Throughout the prior art, metal gate integration has proven difficult to achieve in a conventional process flow for MOS transistors. Most metal gate materials interact with the gate dielectric during the high temperature processing needed for source/drain (S/D) junction activation anneals. The need to keep the metal gate stack from receiving high temperature anneals has lead to the development of the “gate last” or “replacement gate” process for which the gate stack is fabricated last and remains below 500° C. during subsequent processing. Although the prior art replacement gate process increases the number of material choices for a metal gate, the process complexity and cost increases.
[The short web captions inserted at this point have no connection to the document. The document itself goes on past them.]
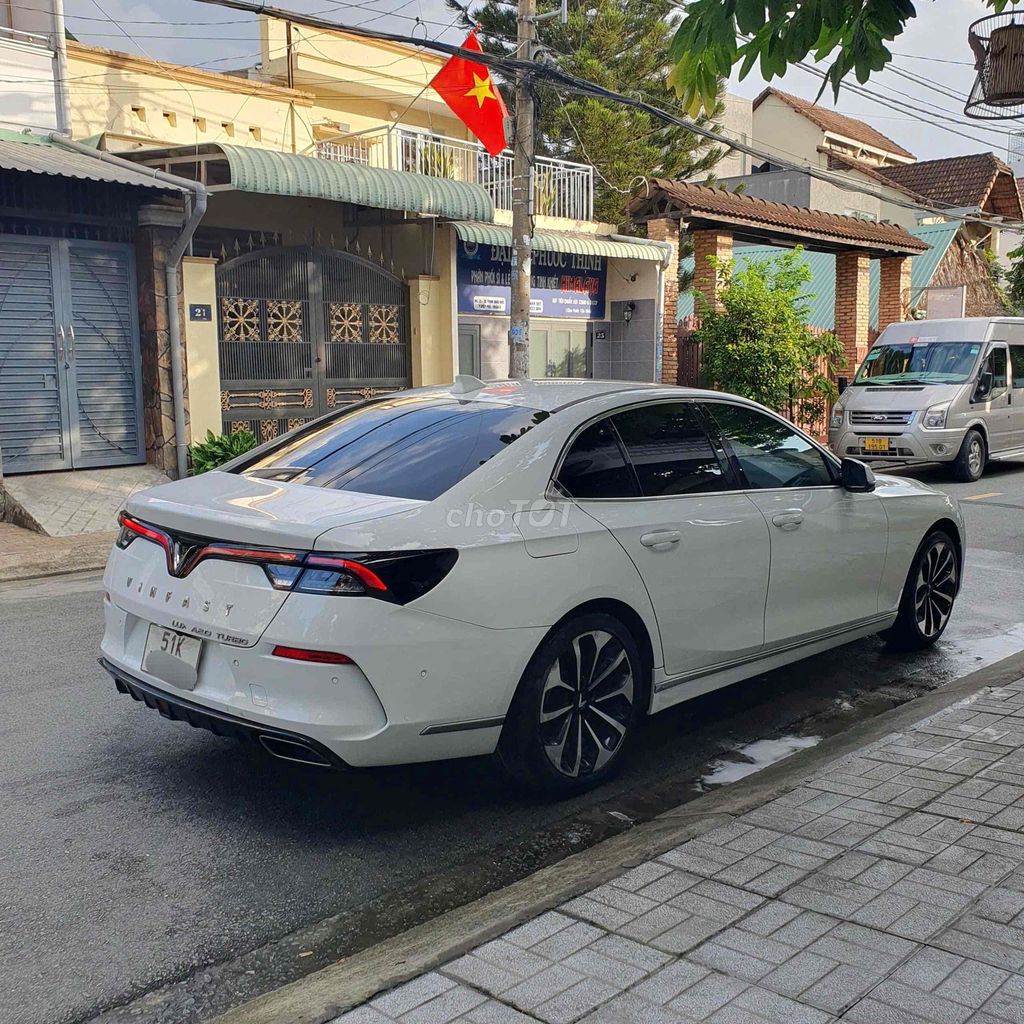 VinFast Lux A2.0 Premium 2022 - 53000 km. Mua bán Ô tô tại Thành phố Thủ Đức Tp Hồ Chí Minh được đăng bởi Nguyễn Công Vinh hình 4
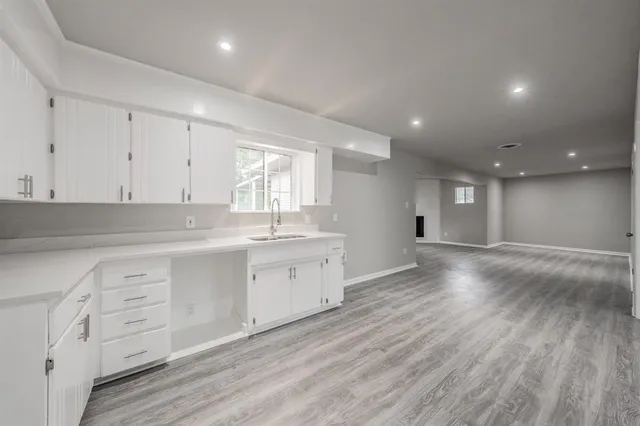 $2,100 | 1424 Stafford Drive, Fort Worth, TX 76134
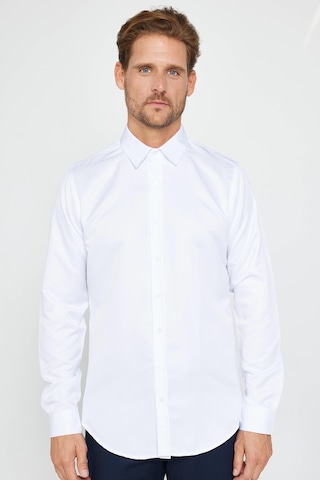 Tudors Slim Fit Uzun Kollu Kolay Ütü Teri Emen Nefes Alan Doku Kravatlık Dört Mevsim Erkek Gömlek-24607 Beyaz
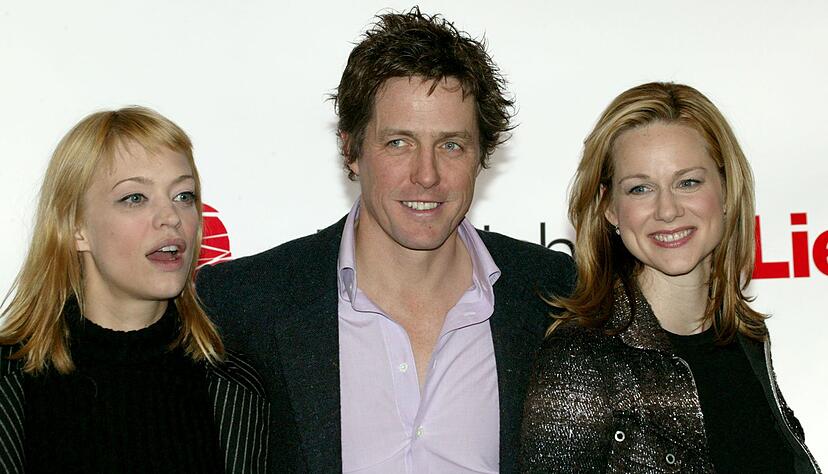 Ein Bild aus vergangenen «Romcom»-Zeiten: Hugh Grant mit Laura Linney und Heike Makatsch (links). (Archivbild)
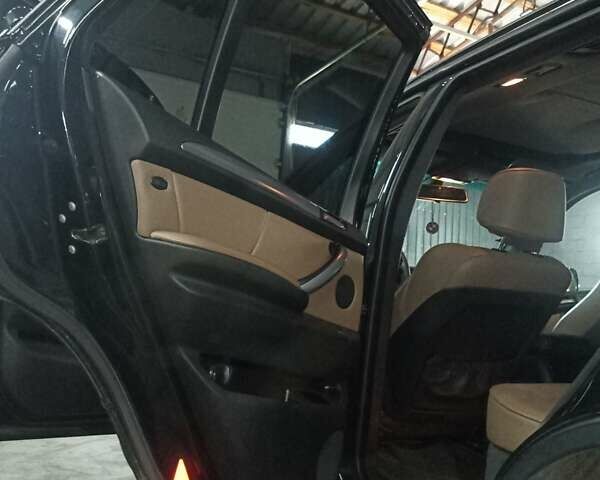 Черный БМВ Х5, объемом двигателя 3 л и пробегом 380 тыс. км за 12600 $, фото 13 на Automoto.ua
It is known in the prior art to form self-aligned silicided metal gates by reacting polycrystalline silicon with a metal. For example, the prior art process begins with providing a precursor structure that includes a semiconductor substrate having one or more patterned gate regions separated from each other by one or more isolation regions, each gate region containing at least a gate dielectric and a polysilicon gate conductor. Dielectric cap and spacer structures can be respectively formed on top of and along sidewalls of each gate region as well. Subsequently, source/drain implants are performed to form source and drain regions, during which the polysilicon gate conductor is protected by the dielectric cap and spacer. Next, the dielectric cap is non-selectively removed from the top of each gate region, and then a silicide metal, such as Ni or Co, is deposited on the entire structure. An optional oxygen diffusion barrier layer can be formed atop the silicide metal, and then annealing is performed to cause reaction between the polysilicon and the silicide metal in both the gate region and the source and drain regions. Depending on the metal, a low resistivity metal silicide can be formed by utilizing a single annealing step. After the single anneal, any unreacted metal and the optional oxygen diffusion barrier is removed, and if needed, a second annealing step may be performed to form a low resistivity metal silicide. In such a manner, the salicidation process described above simultaneously forms a fully silicided metal gate and metal silicide surface layers in the source/drain regions.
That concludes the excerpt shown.